投資信託や保険を販売して、その手数料で儲けようとしましたが、あまりにもひどい売り方をしていたために、金融庁から指導が入りました。
さて、それでは銀行はどうすればよいのでしょう。
日はまた昇る
いまは苦しい時代です。
でも、あと少し我慢すれば、きっと素晴らしい時代がやってきます。
そう、金利の上昇。
日銀の低金利政策も、いつかは終わります。
それはすなわちインフレになるということ。なってほしいと政府も願っています。
金利が上昇しさえすれば、変動金利型の住宅ローン契約者からの利息が増えます。
銀行は一息つけます。
金利が高くなったら固定金利型を勧める
金利が高くなったら、固定金利型に変えれば良いと考えているひとには、その時点で固定金利型商品を勧めれば良いでしょう。
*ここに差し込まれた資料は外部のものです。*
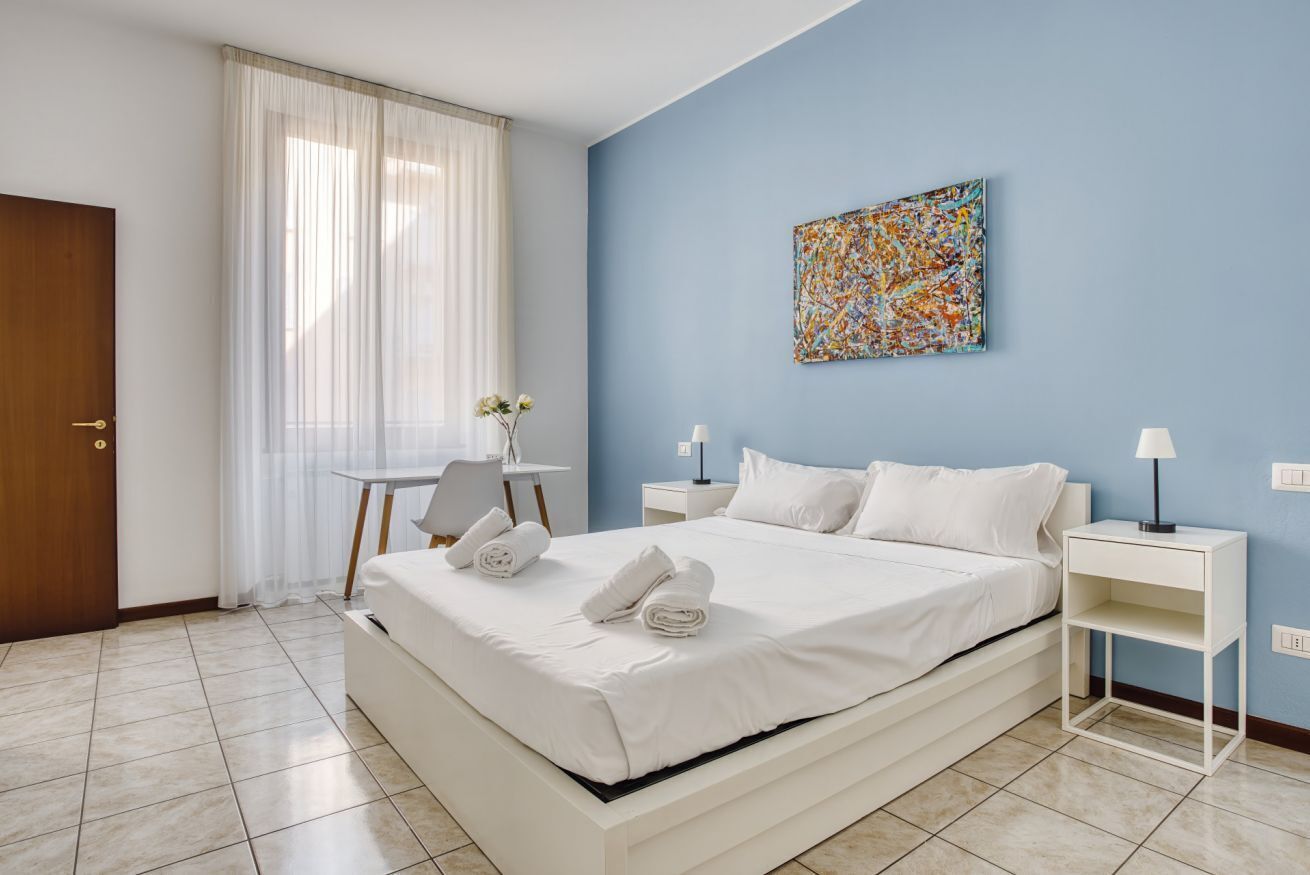 1 Schlafzimmer, kostenloses WLAN, Bettwäsche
金利が高くなった時点で、契約を切り替えてもらえば、再び金利が下ったときには、また儲けることができます。
返済が厳しくなれば繰り延べを勧める
変動金利で借りている人は、返済額が増えて支払えなくなれば未収の利息を繰り延べします。
変動金利型の商品には、返済額が急激に上がらないような仕組みはありますが、本当のところは、クレジットカードのリボ払いといっしょです。
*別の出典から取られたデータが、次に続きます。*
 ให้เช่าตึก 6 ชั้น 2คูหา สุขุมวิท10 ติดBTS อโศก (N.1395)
月々の返済額を抑えて繰り延べしているだけです。結局のところ、銀行に対して、より多く支払って貰える仕組みなのですが、物は言いよう。その実態は、住宅ローンのリボルビング払い。
だめなときは差し押さえ
もしもそれで返済ができなくなれば、家を差し押さえて処分すれば良いのです。
日銀がいつまでも低金利を続けるせいで、銀行はもう体力の限界です。
不動産、証券業界が大儲けしている中、銀行は一方的に不利な環境に追い込まれているのだから、この先少しくらいは儲けさせてもらわないと困ります。
いまが我慢のしどころ。
銀行への利益供与をしたくない一部の人は固定金利で契約します。
変動金利での契約が半数以上
変動金利型の住宅ローンで契約する割合はおおよそ5割。
当初5年、10年の固定金利期間を作ってみたところで、そのあと変動になるのであれば同じこと。低金利が終わったちょうどよいタイミングで、銀行は儲けることが出来ます。
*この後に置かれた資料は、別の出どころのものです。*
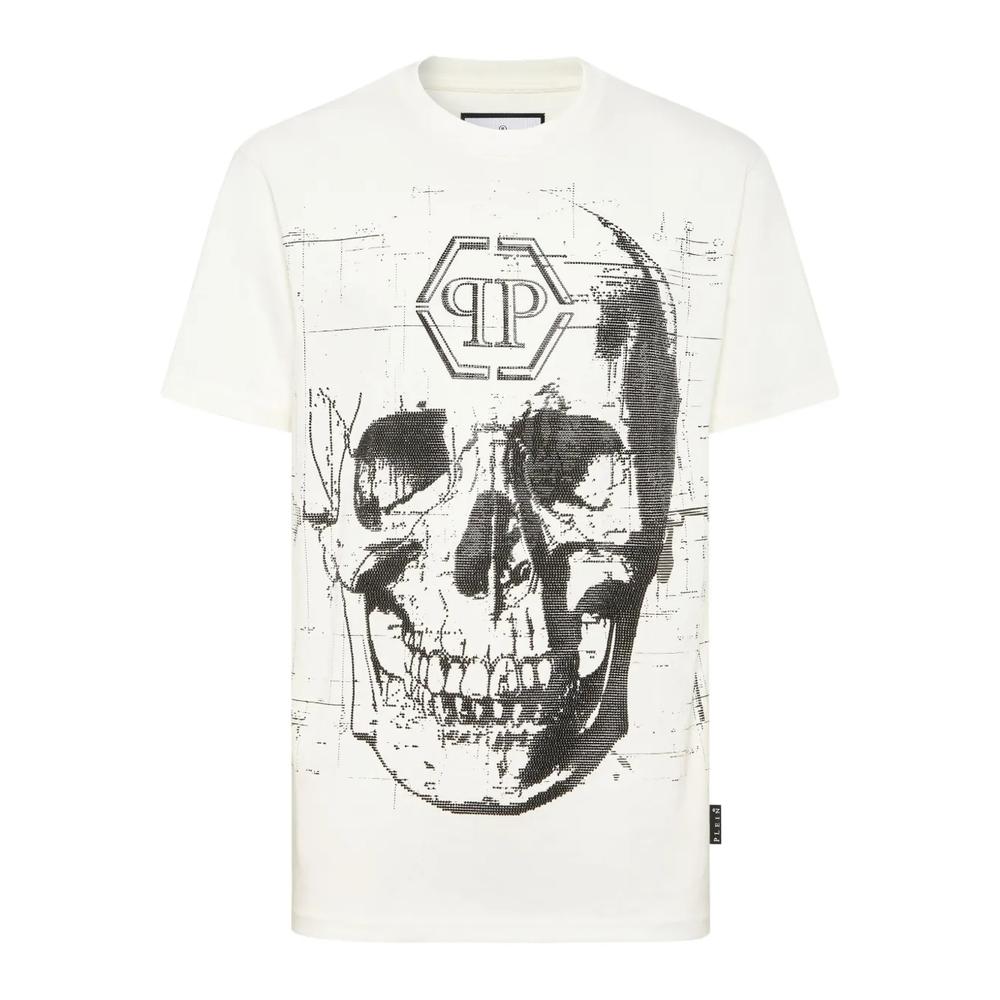Футболка с декором Skull 1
全期間固定金利で契約する人は、いまのところ全体の6%ほどしかいません。
銀行の準備は既に完了
さあ、日銀さま。早く金利を上げてください。
仕込みは終わりました。
金利さえ上がれば、銀行は息を吹き返せます。
変動金利で借りている皆さんありがとう。
みなさんの犠牲的精神のおかげで、銀行は立ち直ることができます。
と、銀行員の皆さんは考えているのでしょう。
以上、私のつたない想像です。
当然ながら、私は全期間固定金利で借りています。
銀行へ貢献できるほど、わが家に余裕はありません。
変動金利型で借りている方は、早めに全期間固定金利型に借り換えておくのが、懸命かと思います。